What the exercise asks:
Beneath this line sits some data. Return only its lines from the one holding "this 640×480 image." through the one holding "this 640×640 image.", inclusive, exactly, with the images removed.

Records from a data collection
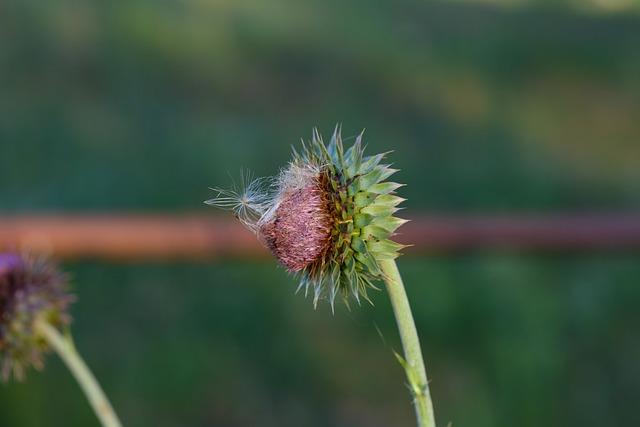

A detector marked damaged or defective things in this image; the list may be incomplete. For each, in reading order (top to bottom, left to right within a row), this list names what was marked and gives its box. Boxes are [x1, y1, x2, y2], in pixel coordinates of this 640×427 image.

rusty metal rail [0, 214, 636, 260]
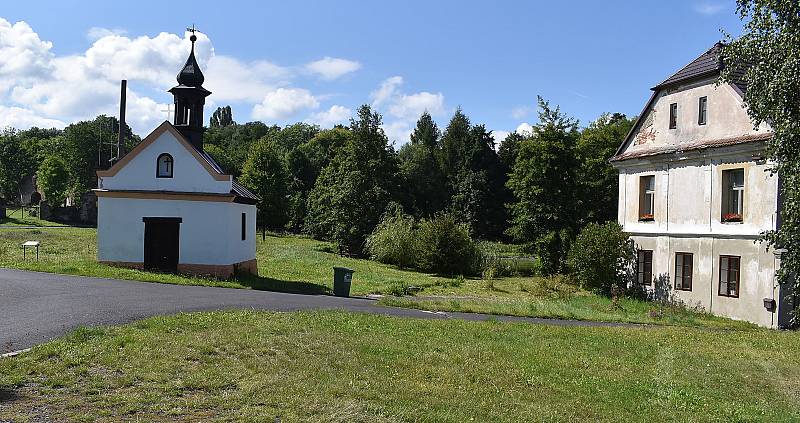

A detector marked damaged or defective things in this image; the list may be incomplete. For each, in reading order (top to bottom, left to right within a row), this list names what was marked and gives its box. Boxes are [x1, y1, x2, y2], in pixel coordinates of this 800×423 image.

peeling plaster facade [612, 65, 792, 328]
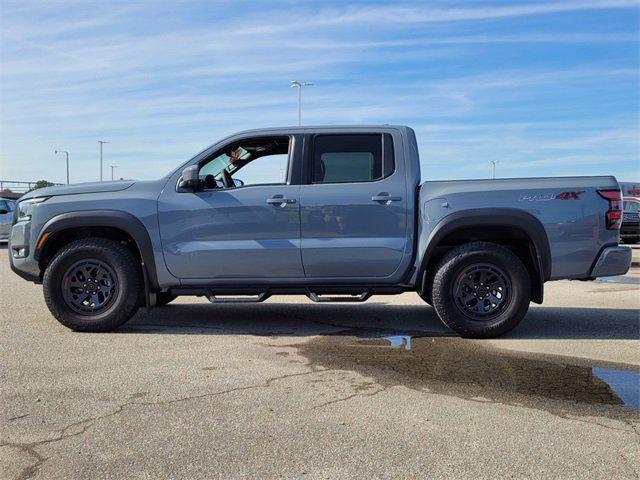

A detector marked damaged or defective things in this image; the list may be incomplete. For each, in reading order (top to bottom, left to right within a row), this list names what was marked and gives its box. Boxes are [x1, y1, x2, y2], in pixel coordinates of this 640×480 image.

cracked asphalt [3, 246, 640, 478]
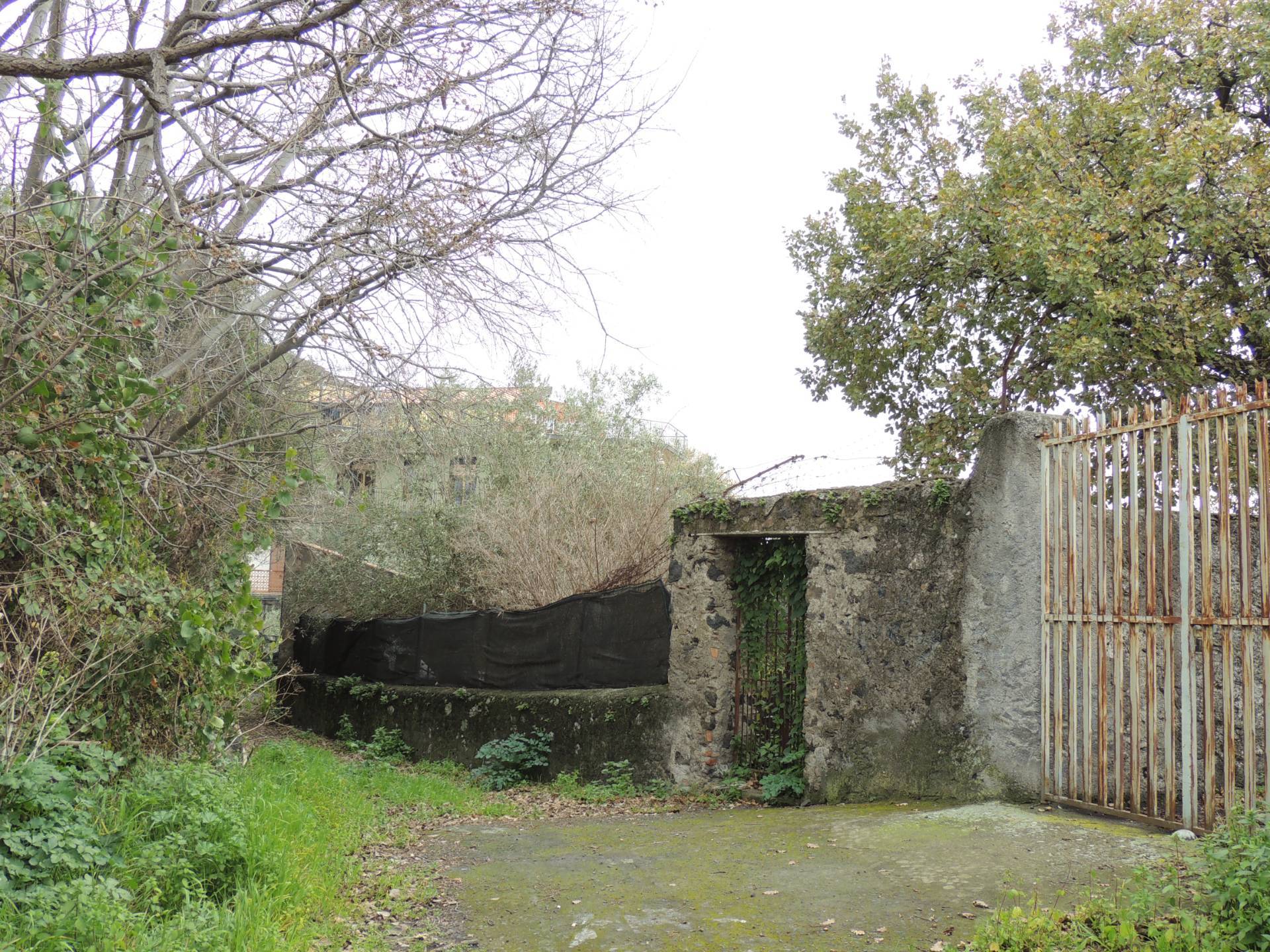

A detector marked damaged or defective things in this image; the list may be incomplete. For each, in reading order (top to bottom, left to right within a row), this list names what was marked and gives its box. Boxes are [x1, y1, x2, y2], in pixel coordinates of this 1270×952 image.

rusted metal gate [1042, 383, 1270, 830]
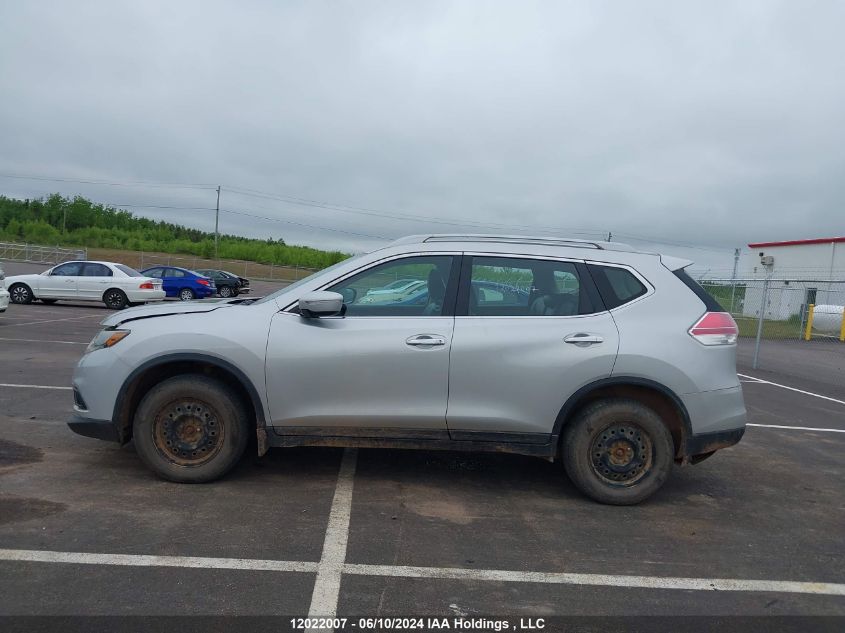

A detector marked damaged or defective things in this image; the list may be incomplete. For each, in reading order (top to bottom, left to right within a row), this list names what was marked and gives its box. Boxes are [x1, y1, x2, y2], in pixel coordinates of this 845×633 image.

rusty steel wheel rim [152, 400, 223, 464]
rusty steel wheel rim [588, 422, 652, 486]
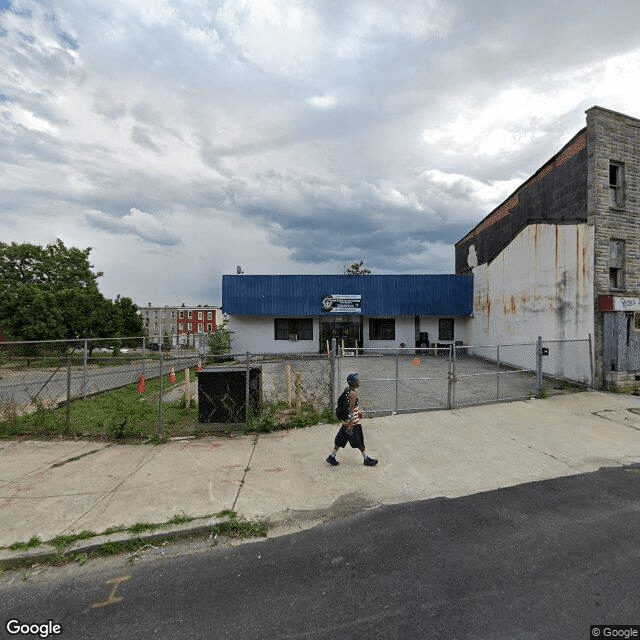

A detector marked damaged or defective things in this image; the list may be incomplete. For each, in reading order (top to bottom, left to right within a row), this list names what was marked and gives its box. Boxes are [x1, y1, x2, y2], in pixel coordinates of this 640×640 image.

==

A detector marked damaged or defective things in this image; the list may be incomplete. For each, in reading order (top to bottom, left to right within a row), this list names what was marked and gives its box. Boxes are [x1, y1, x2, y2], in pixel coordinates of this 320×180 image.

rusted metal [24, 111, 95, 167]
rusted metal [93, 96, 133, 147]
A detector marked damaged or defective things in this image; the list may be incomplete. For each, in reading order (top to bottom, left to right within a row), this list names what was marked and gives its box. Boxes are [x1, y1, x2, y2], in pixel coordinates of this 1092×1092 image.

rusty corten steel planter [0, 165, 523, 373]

Exercise output:
A detector marked damaged or defective things in this image; the list may be incomplete. For each, in reading order (top to bottom, left to right within a row), this list names what was marked and gives its box. Boxes are [x1, y1, x2, y2], in pixel coordinates of this 640×480 image.

cracked asphalt [3, 246, 640, 478]

A detector marked damaged or defective things in this image; the list may be incomplete. For each, in reading order (top to bottom, left to right within a row), this list names what was marked and gives its box. Boxes are [x1, y1, x2, y2], in pixel coordinates of this 1270×952 image.

rusted metal gate [1042, 383, 1270, 830]

A detector marked damaged or defective things in this image; the list may be incomplete. For each, in reading order (top to bottom, left to right within a row), this list names what was marked and gives its box. Boxes are [x1, y1, x2, y2], in pixel coordinates of this 845×633 image.

rusty steel wheel rim [152, 400, 223, 464]
rusty steel wheel rim [588, 422, 652, 486]

A detector marked damaged or defective things in this image; the list may be incomplete. For each, in reading order (top to bottom, left to right within a row), this list names what was marked and gives its box. Boxes are [x1, y1, x2, y2], in pixel coordinates of this 640×640 image.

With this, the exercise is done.